Гармония, Единение, Любовь, Искренность,
Оптимизм, Свобода - ГЕЛИОС

На главную страницу  -  Содержание учебной программы

ГАРМОНИЯ В АРХИТЕКТУРЕ

Учебный цикл IV.
Древние знания и инновации

Понятие гармонии сложилось в античное время как характеристика определенного, упорядоченного состояния мироздания, окружающей человека живой природы.

Смена времен года, дня и ночи, определенные перио­ды цветения растений, цикличность роста и развития живых организмов, их умирание и возрождение приве­ли к таким понятиям, как ритмы, симметрия — асимметрия, пропорции, тектоника и др., ставшие в процессе развития искусств, архитектуры основными средствами гармонизации форм как выражения единства объективно - субъективных законов художественного творчества. В сфере интересов архитектурной бионики находится и этот аспект изучения живой природы с архитектурными целями.

Объективной основой гармонии в живой природе и архитектуре является взаимодействие функции и формы. Проблема функции и формы в утилитарном плане в архитектуре заключается в том, чтобы найти такое соответствие формы (технических средств формообра­зования), которое бы наиболее полно обеспечивало функционирование архитектурного объекта, т.е. удов­летворение определенных социальных потребностей че­ловека.

Здесь могут быть различные качественные уровни обеспечения функционирования.

В диапазоне качества функционирования архитектур­ного объекта возможны различные варианты взаимо­действия функции и формы, возникающие в связи с адаптацией архитектуры к разнообразным условиям формирования ее объектов.

В известные архитектурно - исторические эпохи на проблему соотношения функции и формы складывались свои взгляды, выразившиеся в концепциях " функционализма " и " формализма ".

Мы не задаемся целью решить все научные вопросы, касающиеся взаимосвязи функции и формы в архитек­туре, однако изучение аналогичных отношений в живой природе, думается, поможет пополнить наши познания об этой сложной системе.

Живая природа открывает нам законы гармонии взаимосвязи функции и формы. Их конкретные образы могут и не совпадать с архитектурными , хотя есть прецеденты и обратного ( например , постройки человека и животных ). Вместе с тем известно, что любой принцип или закон может проявляться в разнообразных конкретных видах, что дает основание пользоваться зако­нами, общими для архитектуры и живой природы.

Проблема гармоничного взаимодействия функции и формы приводит нас к широко сейчас изучаемому по­нятию системности и целостности.

Обратимся к существу понятия функции и формы и к их трактованию в архитектуре и живой природе.

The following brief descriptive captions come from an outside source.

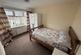 Hodder Street, Accrington photo 5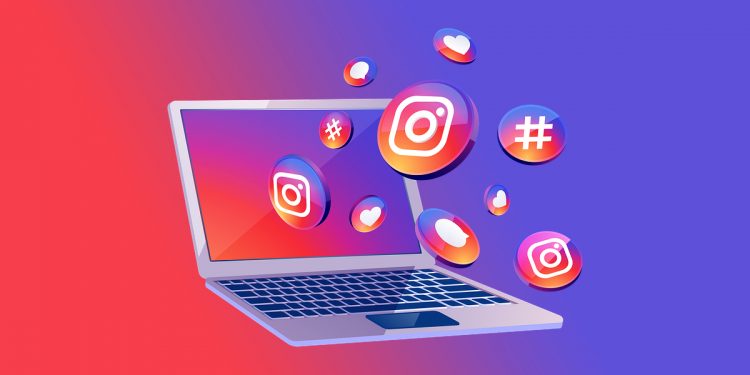 İnstagram Video Kalitesi Düşüyor Çözümü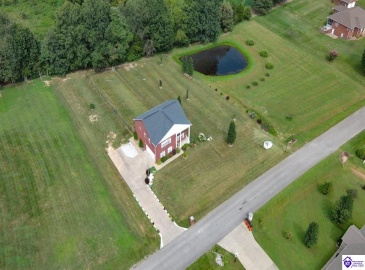 Rembrandt Drive, Elizabethtown, Kentucky 42701, ,3 BathroomsBathrooms,For Sale,Rembrandt Drive,HK24003151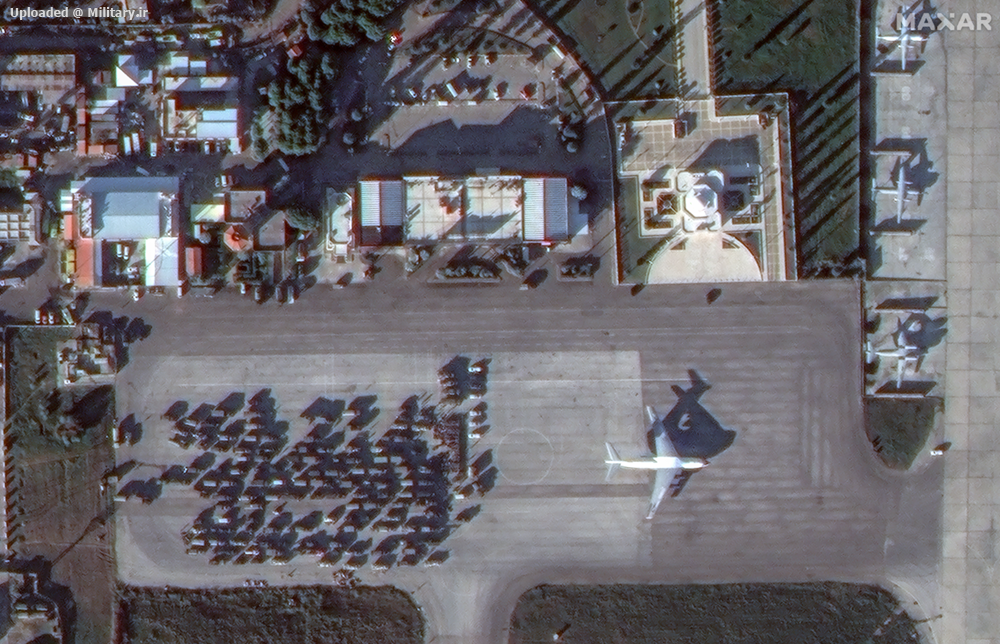 Russian_Il-76_transport_aircraft_and_mil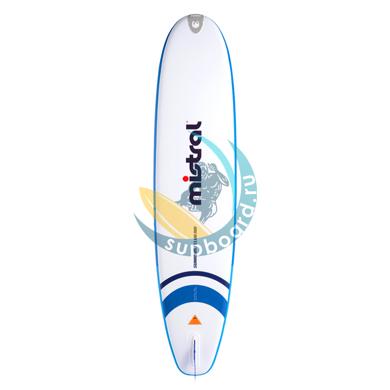 sap-doska-mistral-sunburst-club-air-11-0-plavnik.png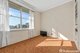 Photo - 19 Armata Crescent, Frankston North VIC 3200 - Image 3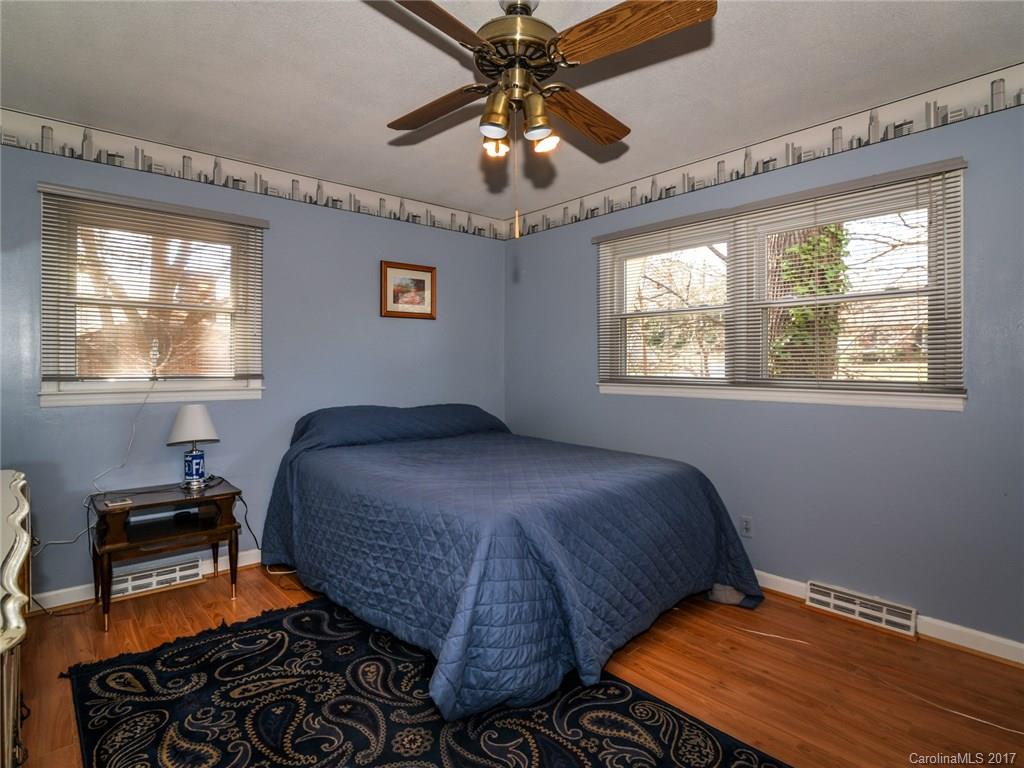 Gardner Park - Residential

Как известно, в жизни не может быть функции без формы, а формы без функции. Однако существуют и относительно самостоятельные закономерности развития и функции, и формы, на стыке которых возникают противоречия, заставляющие искать пути их разрешения и на уровне творческого процесса архитектора, и на уровне строительной технологии.

В философии и архитектуре рассматривается взаимосвязь " содержания " и " формы ". Мы затронем этот вопрос лишь в той мере, в какой это необходимо, чтобы перейти к понятию функции, родственной, но не тож­дественной содержанию.

Так, понятие функции приближает нас к пониманию объективных законов движения, развития, функциони­рования, без чего невозможно говорить о целостности и гармонии, в то время как понятие содержания более статично и необязательно включает в себя формулиров­ку развития, движения и цели. Функция же подразуме­вает также и цель — целесообразность действия. Соот­ношение же ее с формой вскрывает и процесс ее мате­риализации , т . е . фактически технологию создания мате­риальной формы — создания продукта , который , по вы­ражению К . Маркса : "... есть потребительная стоимость , ве­щество природы , приспособление к человеческим потребностям посредством изменения формы " [1, т . 23].

Исследование взаимосвязи функции и формы — это в итоге рассмотрение деятельности и ее физического результата. Однако в этой связи понятие формы может быть представлено в трех видах : собственно форма , структура и пространство . Такое подразделение понятия формы важно и с точки зрения строительной технологии , поскольку характеризует различные уровни использования ее средств .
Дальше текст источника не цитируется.